* Data listing:
****************

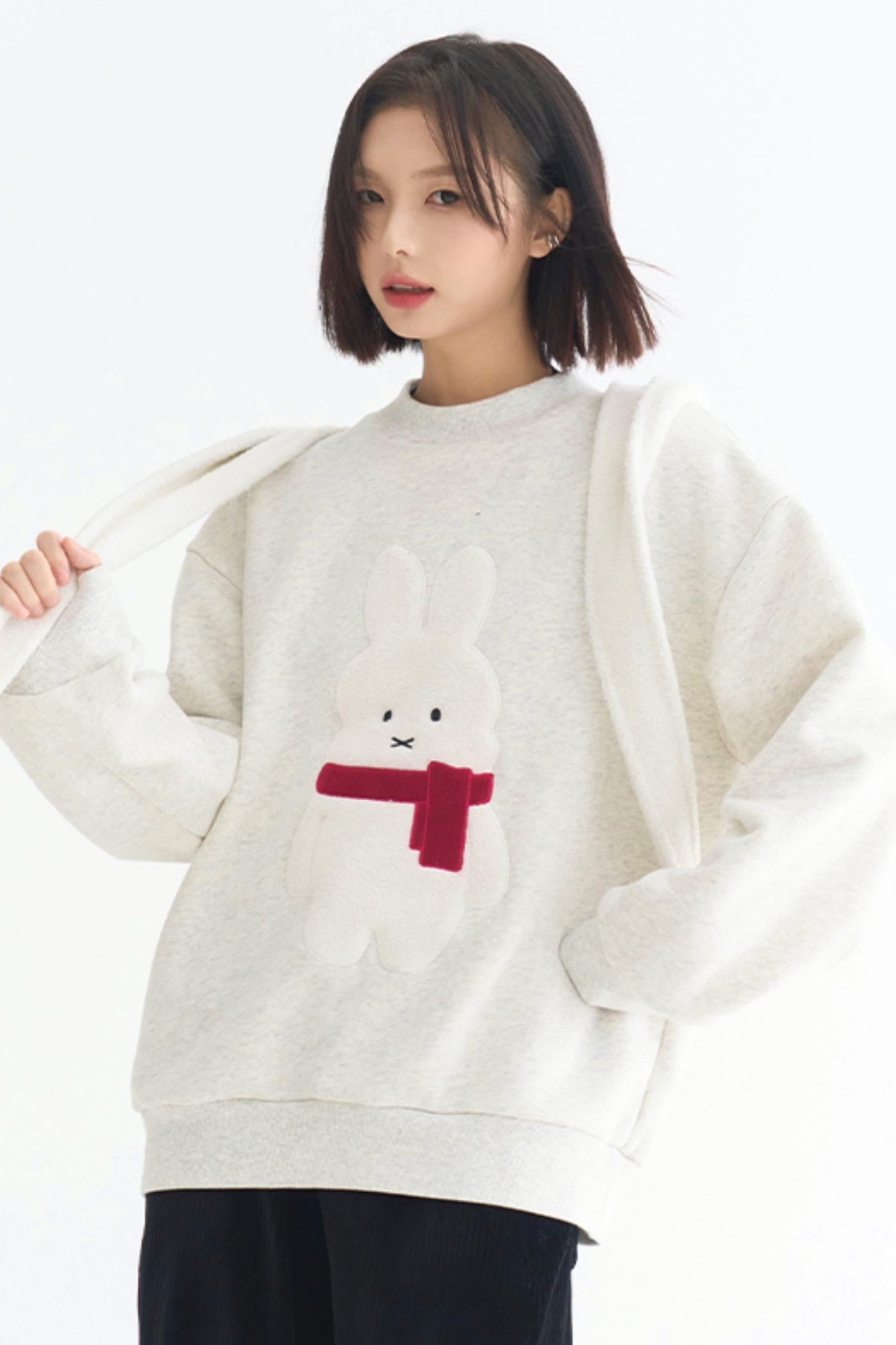 Motif Sweatshirt Rabbit
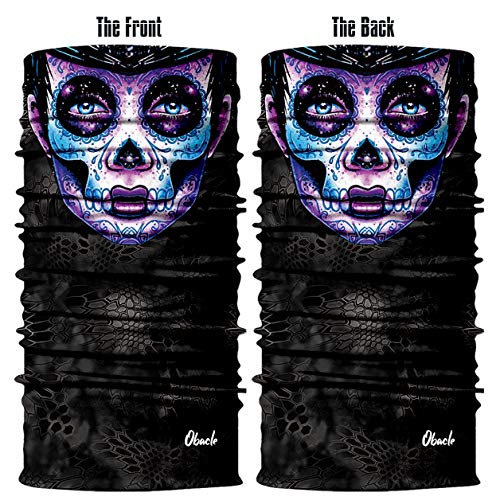 image for Obacle Skull Face Mask for Women Men Dust Wind UV Sun Protection Seaml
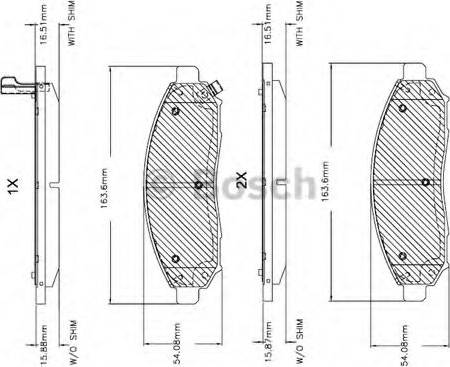 BOSCH F 03B 150 151 - Kit pastiglie freno, Freno a disco autozon.pro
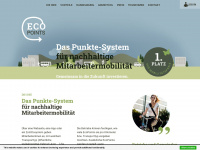 ecopoints.at Webseite Vorschau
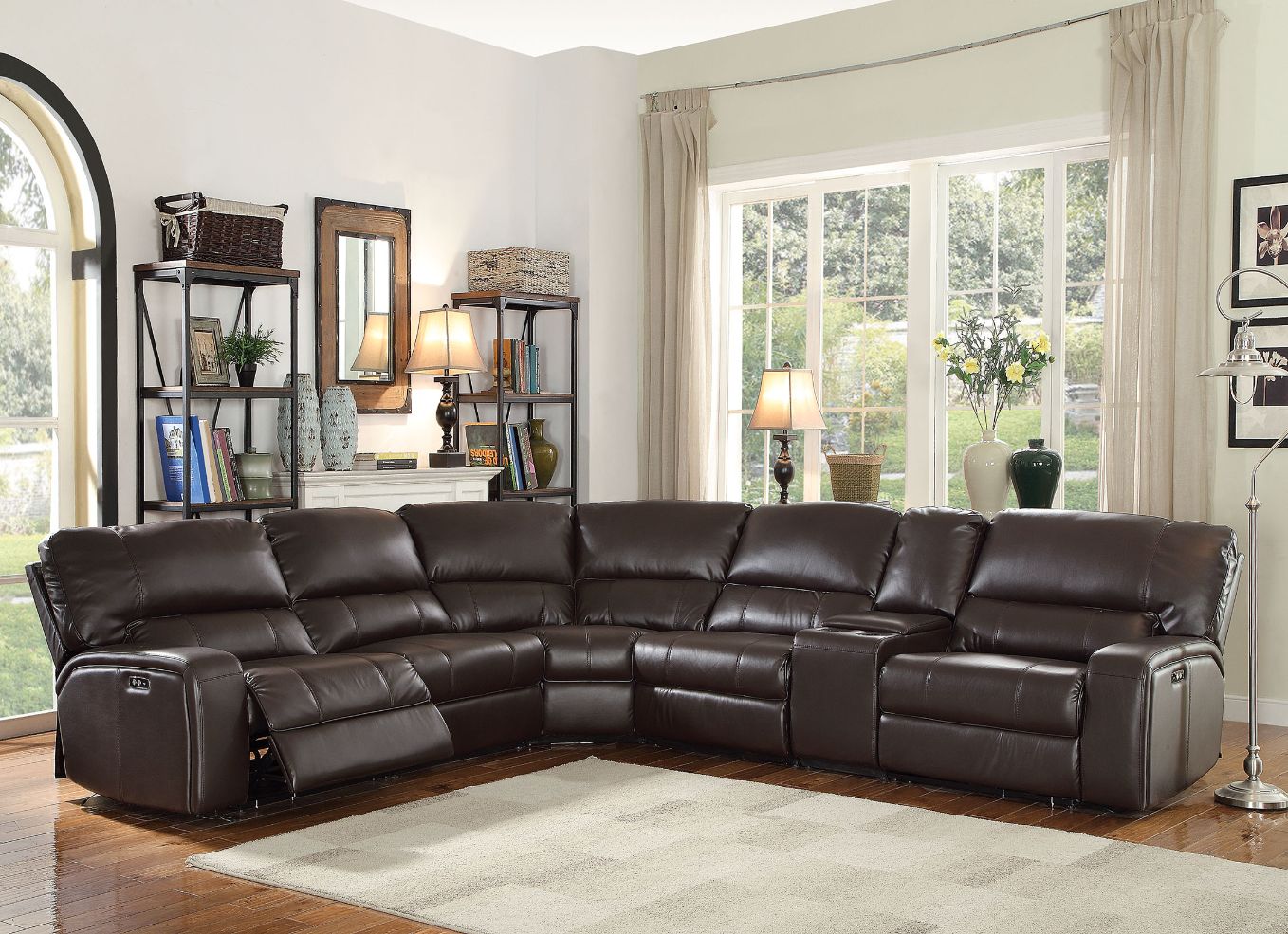 Saul Power Motion Sectional Sofa
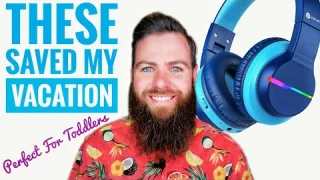 Kid Approved ✈ iClever BTH12 Kids Wireless Headphones Full Review 💯😁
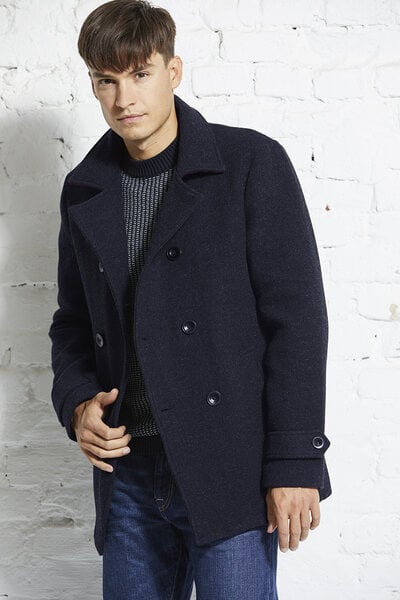 Wunderwerk Herren Cabanjacke aus 100% Schurwolle mit TENCEL "Caban jacket heavy wool" von Wunderwerk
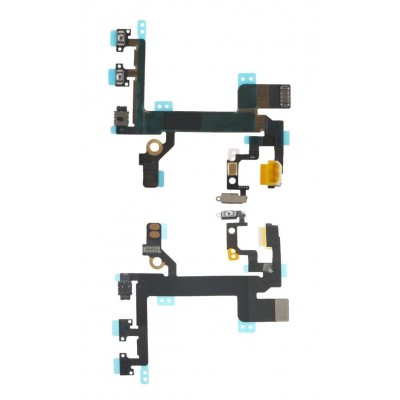 Power Button Flex Cable For Apple Iphone 5s 64gb On Off Flex Pcb By - Maxbhi Com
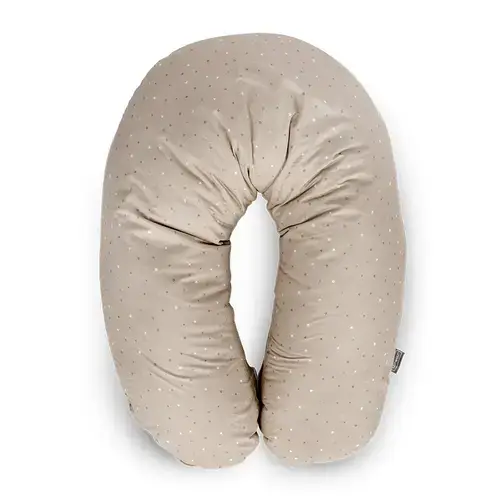 Perna alaptare  Lorelli Beige Sky, 190 cm, husa 100% bumbac ranforce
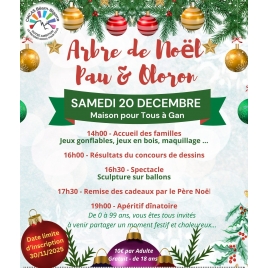 ARBRE DE NOEL PAU OLORON 2025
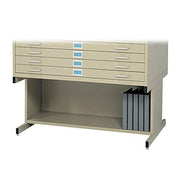 Safco Tropic Sand / High Base / 1 Flat & Vertical Files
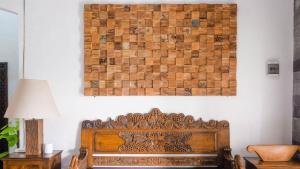 Un lugar para sentarse en Jeru Homestay
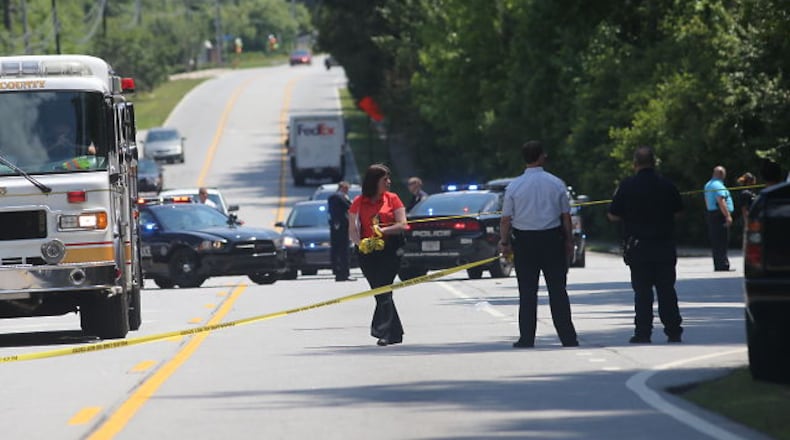 Clayton County police were investigating a fatal shooting on Mon., May 23, 2016. BEN GRAY / BGRAY@AJC.COM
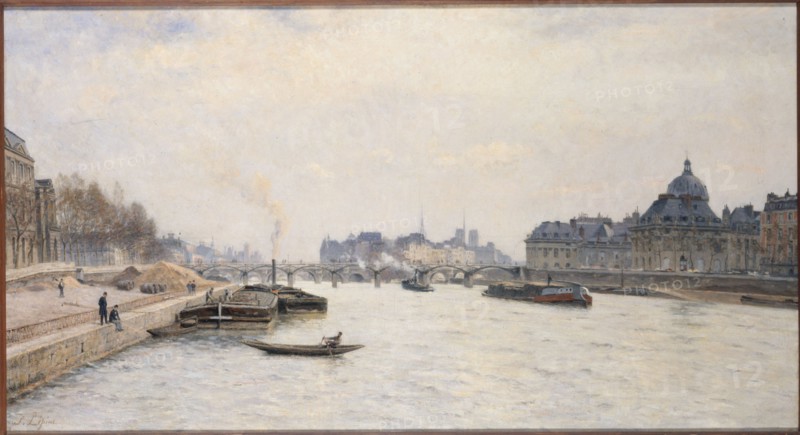 Pont des Arts, view of the Pont Royal, c1884.
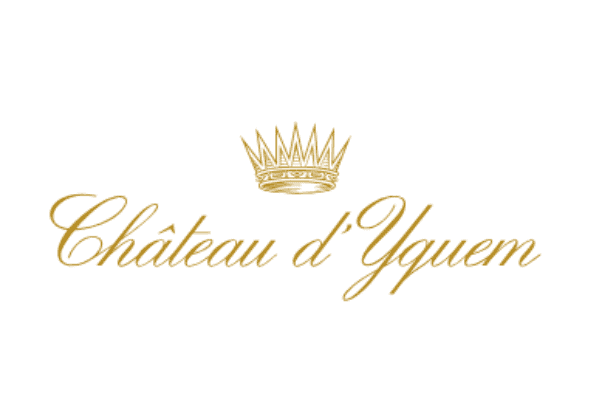 Chateau d'Yquem gold logo with crown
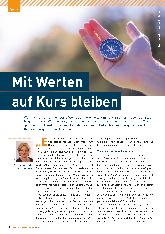 Vorschauseite 1: Mit Werten auf Kurs bleiben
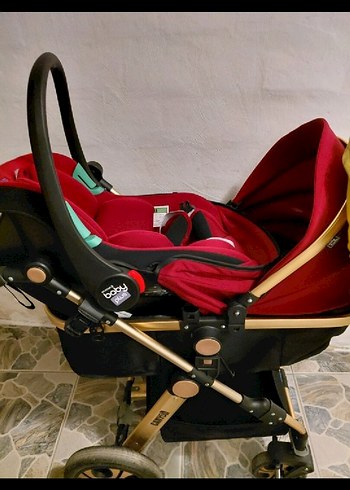 Kırmızı Bebek Arabası travel sistem - Görsel 3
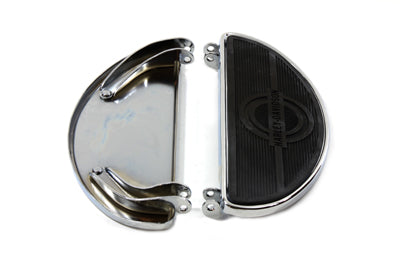 HARLEY Half Moon Trittbrett-Set Chrom Passend für 1940-1984 FL,   1940-1946 U,   1940-1952 W,   1941-1972 G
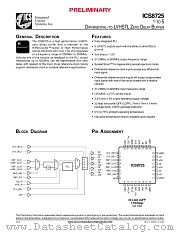 ICS8725 datasheet pdf Integrated Circuit Systems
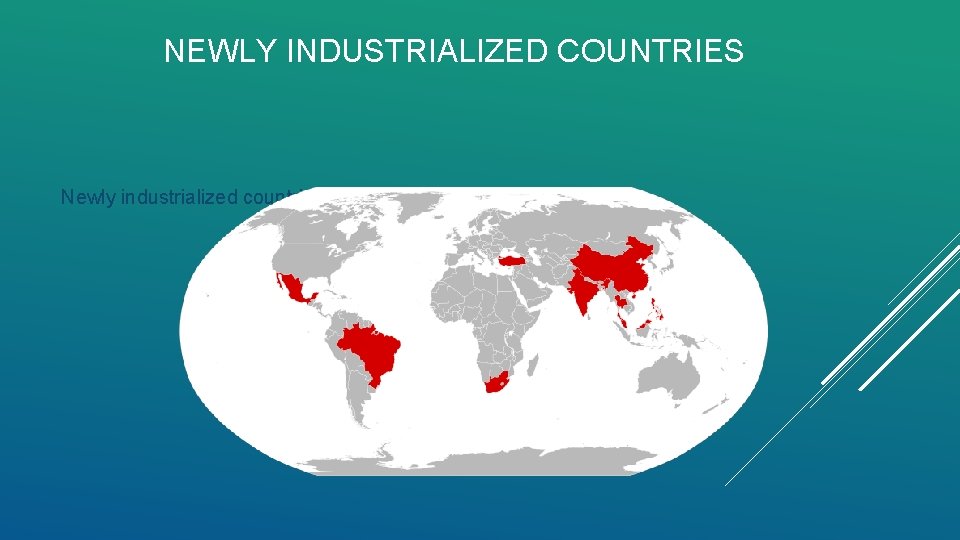 NEWLY INDUSTRIALIZED COUNTRIES Newly industrialized countries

****************

Everything above from the line with "Wunderwerk Herren Cabanjacke" through the line with "Pont des Arts, view" should be retyped exactly, and nothing else; omit pictures.

* Written response:
 Wunderwerk Herren Cabanjacke aus 100% Schurwolle mit TENCEL "Caban jacket heavy wool" von Wunderwerk
 Power Button Flex Cable For Apple Iphone 5s 64gb On Off Flex Pcb By - Maxbhi Com
 Perna alaptare  Lorelli Beige Sky, 190 cm, husa 100% bumbac ranforce
 ARBRE DE NOEL PAU OLORON 2025
 Safco Tropic Sand / High Base / 1 Flat & Vertical Files
 Un lugar para sentarse en Jeru Homestay
 Clayton County police were investigating a fatal shooting on Mon., May 23, 2016. BEN GRAY / BGRAY@AJC.COM
 Pont des Arts, view of the Pont Royal, c1884.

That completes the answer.